Desideratum for evidence based epidemiology.

Author information

1
Siemens Health Services, Malvern, PA, USA, marc.overhage@siemens.com.

Abstract

BACKGROUND:

There is great variation in choices of method and specific analytical details in epidemiological studies, resulting in widely varying results even when studying the same drug and outcome in the same database. Not only does this variation undermine the credibility of the research but it limits our ability to improve the methods.

METHODS:

In order to evaluate the performance of methods and analysis choices we used standard references and a literature review to identify 164 positive controls (drug-outcome pairs believed to represent true adverse drug reactions), and 234 negative controls (drug-outcome pairs for which we have confidence there is no direct causal relationship). We tested 3,748 unique analyses (methods in combination with specific analysis choices) that represent the full range of approaches to adjusting for confounding in five large observational datasets on these controls.

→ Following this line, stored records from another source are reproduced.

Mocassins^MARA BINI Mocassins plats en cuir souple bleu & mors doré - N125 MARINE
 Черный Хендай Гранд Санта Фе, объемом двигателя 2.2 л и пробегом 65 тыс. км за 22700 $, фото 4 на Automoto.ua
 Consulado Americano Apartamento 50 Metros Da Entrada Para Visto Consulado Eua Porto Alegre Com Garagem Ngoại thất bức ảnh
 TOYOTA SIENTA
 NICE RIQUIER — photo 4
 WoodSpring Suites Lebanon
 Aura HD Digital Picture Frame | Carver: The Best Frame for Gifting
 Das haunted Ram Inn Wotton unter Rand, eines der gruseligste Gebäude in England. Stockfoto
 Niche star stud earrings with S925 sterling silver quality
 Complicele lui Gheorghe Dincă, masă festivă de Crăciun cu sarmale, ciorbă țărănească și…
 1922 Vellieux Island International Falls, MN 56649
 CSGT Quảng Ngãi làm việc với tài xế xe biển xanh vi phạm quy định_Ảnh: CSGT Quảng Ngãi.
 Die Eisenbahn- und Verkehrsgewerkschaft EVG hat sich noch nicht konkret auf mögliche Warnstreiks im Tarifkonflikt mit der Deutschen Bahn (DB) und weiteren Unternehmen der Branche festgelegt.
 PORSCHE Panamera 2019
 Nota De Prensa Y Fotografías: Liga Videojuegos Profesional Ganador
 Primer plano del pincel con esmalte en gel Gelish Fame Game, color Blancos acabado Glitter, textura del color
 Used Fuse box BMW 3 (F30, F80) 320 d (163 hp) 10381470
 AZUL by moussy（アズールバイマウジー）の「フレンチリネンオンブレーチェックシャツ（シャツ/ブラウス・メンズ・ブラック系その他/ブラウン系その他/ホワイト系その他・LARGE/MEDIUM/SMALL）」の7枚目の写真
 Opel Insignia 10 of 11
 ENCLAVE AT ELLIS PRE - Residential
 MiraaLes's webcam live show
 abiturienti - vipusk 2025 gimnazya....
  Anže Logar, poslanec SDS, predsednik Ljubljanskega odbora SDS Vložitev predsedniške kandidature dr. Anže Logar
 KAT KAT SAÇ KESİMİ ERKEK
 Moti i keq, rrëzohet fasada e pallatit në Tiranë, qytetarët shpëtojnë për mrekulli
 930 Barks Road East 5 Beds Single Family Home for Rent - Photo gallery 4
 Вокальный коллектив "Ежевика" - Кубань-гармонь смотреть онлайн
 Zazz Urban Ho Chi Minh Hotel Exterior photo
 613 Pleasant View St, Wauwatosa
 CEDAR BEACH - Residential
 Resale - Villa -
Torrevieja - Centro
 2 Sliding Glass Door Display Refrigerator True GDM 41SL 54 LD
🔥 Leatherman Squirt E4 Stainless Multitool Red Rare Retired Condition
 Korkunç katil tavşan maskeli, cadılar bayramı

We also evaluated the impact of increasingly specific outcome definitions, and performed a replication study in six additional datasets. We characterized the performance of each method using the area under the receiver operator curve (AUC), bias, and coverage probability. In addition, we developed simulated datasets that closely matched the characteristics of the observational datasets into which we inserted data consistent with known drug-outcome relationships in order to measure the accuracy of estimates generated by the analyses.

DISCUSSION:

We expect the results of this systematic, empirical evaluation of the performance of these analyses across a moderate range of outcomes and databases to provide important insights into the methods used in epidemiological studies and to increase the consistency with which methods are applied, thereby increasing the confidence in results and our ability to systematically improve our approaches.

PMID:
24166219
DOI:
10.1007/s40264-013-0102-2
[Indexed for MEDLINE]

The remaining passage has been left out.